We're not to follow the advice of financial analysts when it comes to money. Instead Trasobares tells us to "soak dollars into rum to address and motivate [the orisha god] Elegguá ... to mark dollars with cause and slogan to address its official presence, to sprinkle dollars with talcum powder," or to "use dollars as prop in stage and fold bills like chewing gum sticks for service tips."
And there's great pleasure in Trasobares's meshing of image and title. So-Be Bonsai Treeis a miniature Japanese garden with little wiry trees coming out of liquor tumblers. The piece makes me ponder the life of leisure atop those unattractive, oversized apartments in Miami Beach, out of the reach of most people. The catlike little sculpture with shredded currency as fur entitled Tigre is a double-entendre for a sexual predator. Or Caballo Verde (Green Horse), which like Tigre literally conveys what it shows -- a horselike sculpture made of paper money -- but the Cuban slang brings thoughts of exile politics (Castro is called "El Caballo") and lust as secondary meaning.
What do Trasobares's shredded currency and animal appetites have in common? Playing with paper money alters the idea of capitalist exchange, and debases its value, stripping away any high-culture shine on capitalism and making greed and conspicuous consumption simply a basic instinct. "Social Fabric" comes with a Xeroxed catalogue, a samizdat publication very much in tune with the exhibit's seditious mood. The essay, written by Joel Weinstein, is a fine piece.
Take an imaginary voyage into a realm of colorful thorns, pistils, seeds, and flowers with Mario Bencomo's "Wanderlust," his solo show at Elite Fine Arts.
Firstly about the smooth surface, sans texture. Sometimes such amassed textures, meant to enhance the image, simply become a crutch for eloquence. In Bencomo's work the canvas's surface is a background vehicle to let color express itself. And he wants you to contemplate it without intense comparison: Is there a sense of "purple" in an "all-purple" realm (and believe me, Bencomo is keen on purple)?

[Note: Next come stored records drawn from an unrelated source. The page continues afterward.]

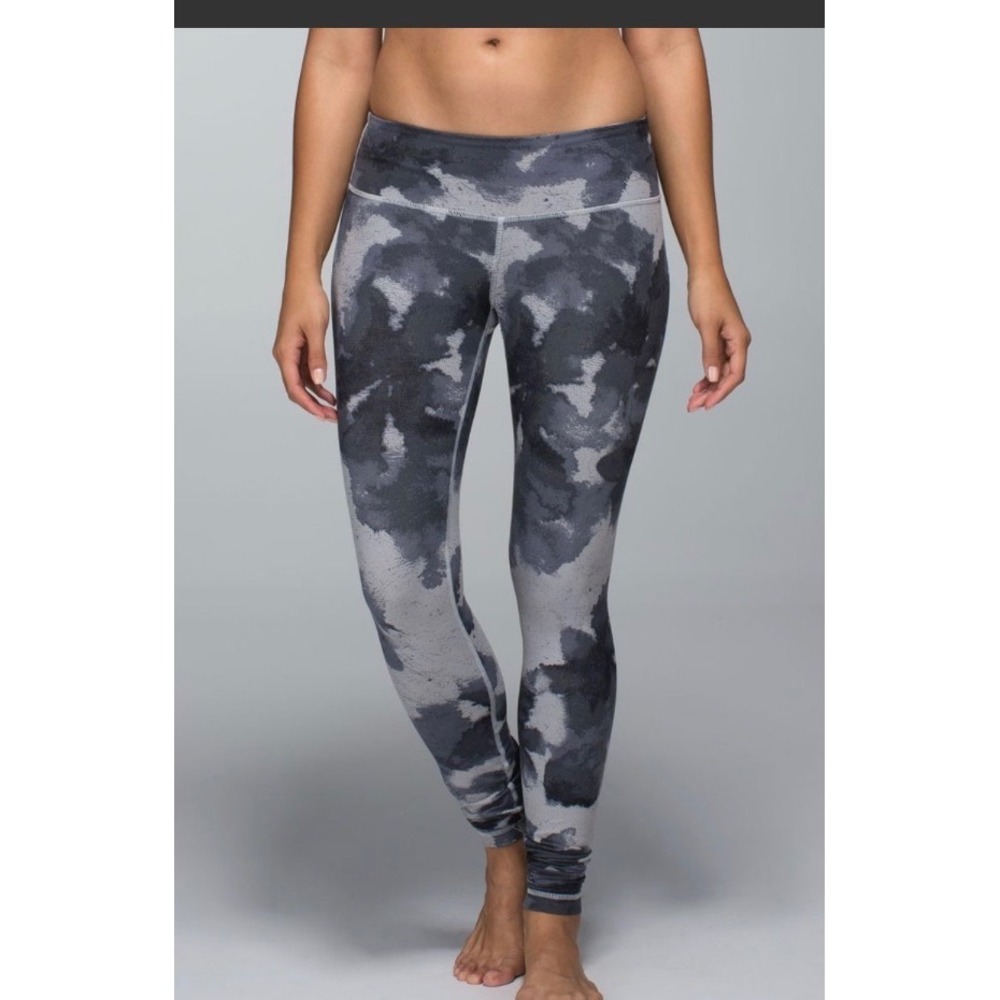 Lululemon Wunder Under Pant Floral Platoon Silver Spoon Low Rise Grey Size 4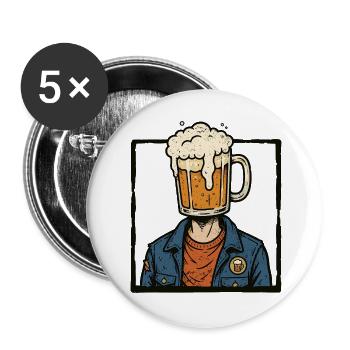 Beer lover, beer-drinking head, vacation trip - Buttons large 2.2''/56 mm (5-pack) - white - Front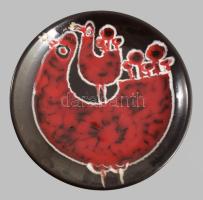 Hőgye Katalin: Kakasmintás dísztál. Mázas kerámia, jelzett, hibátlan, d: 29 cm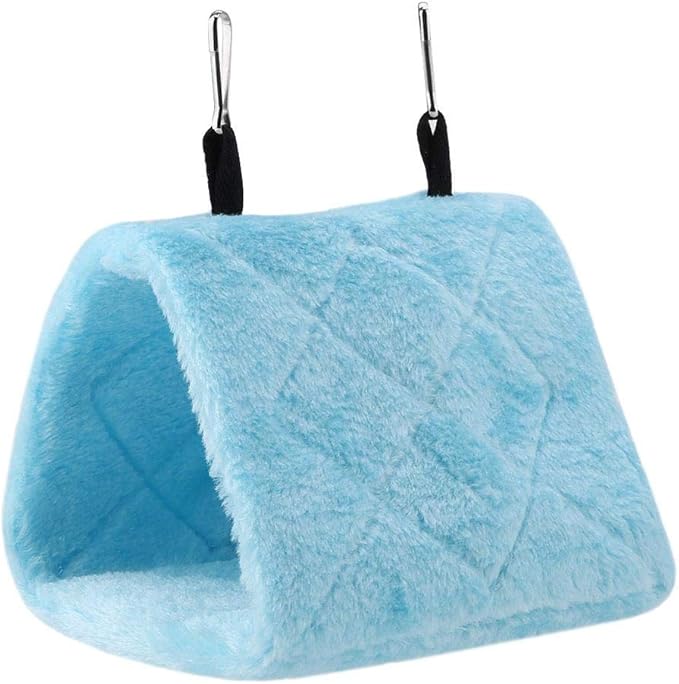 Peony Parrot Hammock Bird Nest Warm Soft Plush Hammock Hanging Cage Tent for Birds Parrot Winter Warm Bed Pet Toy Pouch Cotton Bed (M-Blue)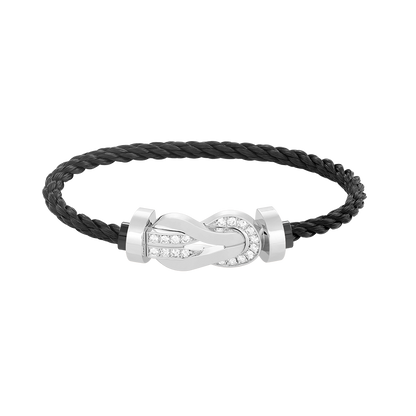 [BLUE TEARS]CHANCE LARGE 8 FIGURE BUCKLE HALF DIAMOND BRACELET SILVER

Being highly sensorial and rich, color in painting is a maker of illusions. To better acquaint myself with Bencomo's work, I revisited questions asked by the philosopher Ludwig Wittgenstein in his Remarks on Color:How far is purplish-blue from bluish-purple? Is purple successful next to red, without it being close to yellowish-green? To answer the question see Bencomo's Esther's Journey.
This art belongs within the still-life tradition, which goes back to stilleven, a Dutch style with a twofold course: one fascinated with botany and inspection, the other didactic but highly sensual. The Dutch learned that plants and fruits reveal -- if properly arranged and categorized -- valuable lessons about life and death. For instance hard fruits like citrus evoke sexuality; ripened fruits with their first marks of decay suggest death; a fruit's skin can actually be viewed more like clothing (no wonder half-peeled lemons often appeared in depictions of brothels).
But Bencomo's work is not still life per se. He leaves the old narrative of apples-and-jug-and-plate behind to fabricate sensually abstract explorations. The subject matter is brought closer and one cannot make out anything outside it.
Bencomo's Ambulus, Adoratus, and Reditus have an assortment of forms that breathe in and out amid flashes of contrasting hues. The eye follows a curvilinear motion inside this profusion of seed clusters, the parade of reddish petals with yellow crowns, and bluish oval bouquets shielded by purple pointy stems adjacent to reddish furry spikes.